Why API Design Matters
Why This Matters
The Problem: Modern applications are built from dozens or hundreds of services that must communicate reliably. Poorly designed APIs lead to tight coupling, breaking changes, and frustrated developers.
The Solution: Well-designed APIs provide a stable contract between services, enabling teams to build, deploy, and scale independently.
Real Impact: Stripe's API is often cited as the gold standard -- its consistent, intuitive design helped the company grow to process billions in payments.
Real-World Analogy
Think of an API like a restaurant menu:
- Menu items = API endpoints (what you can request)
- Order format = Request schema (how you ask for it)
- Kitchen = Server (processes your request)
- Waiter = HTTP protocol (carries requests and responses)
- Receipt = Response with status code (confirmation of what happened)

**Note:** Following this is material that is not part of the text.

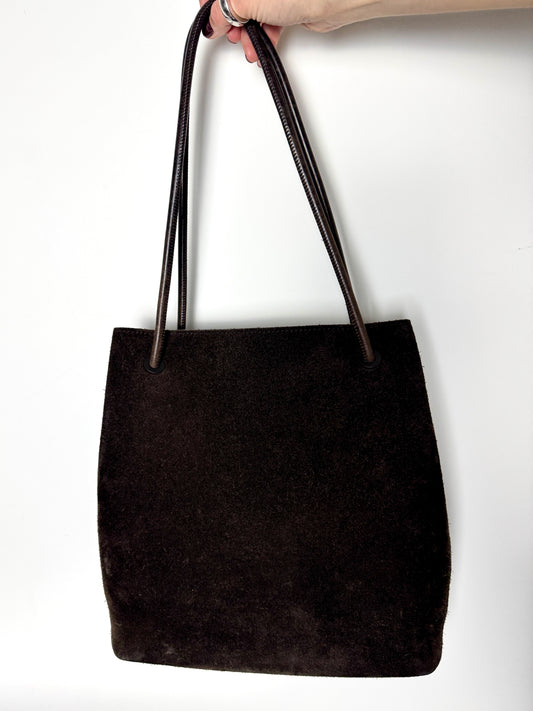 Gucci Dark Brown Suede Tote — Late 1990s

Core Qualities of Good APIs
Consistency
Endpoints follow predictable naming conventions, error formats, and pagination patterns across the entire API surface.
Discoverability
Developers can explore the API intuitively. Resource names, query parameters, and relationships are self-documenting.
Backward Compatibility
New features can be added without breaking existing clients. Versioning strategies protect consumers from disruptive changes.
Performance
Efficient serialization, proper caching headers, and minimal over-fetching keep latency low and throughput high.
REST API Principles
REST (Representational State Transfer) is an architectural style that uses standard HTTP methods to operate on resources identified by URLs. Roy Fielding defined it in his 2000 doctoral dissertation, and it remains the most widely used API paradigm for web services.
The Six REST Constraints
Client-Server
Separate the user interface from the data storage. The client and server evolve independently as long as the interface stays the same.
Stateless
Each request contains all information needed to process it. The server stores no client context between requests.
Cacheable
Responses must define themselves as cacheable or not. Proper caching eliminates redundant interactions and improves scalability.
Uniform Interface
Resources are identified by URIs, manipulated through representations, and messages are self-descriptive with HATEOAS links.
Layered System
A client cannot tell whether it is connected to the end server or an intermediary. Layers enable load balancers, caches, and gateways.
Code on Demand (Optional)
Servers can extend client functionality by transferring executable code, such as JavaScript applets.
from flask import Flask, jsonify, request, abort
app = Flask(__name__)
# In-memory store for demonstration
users = {}
next_id = 1
@app.route('/api/v1/users', methods=['GET'])
def list_users():
"""List all users with pagination."""
page = request.args.get('page', 1, type=int)
per_page = request.args.get('per_page', 20, type=int)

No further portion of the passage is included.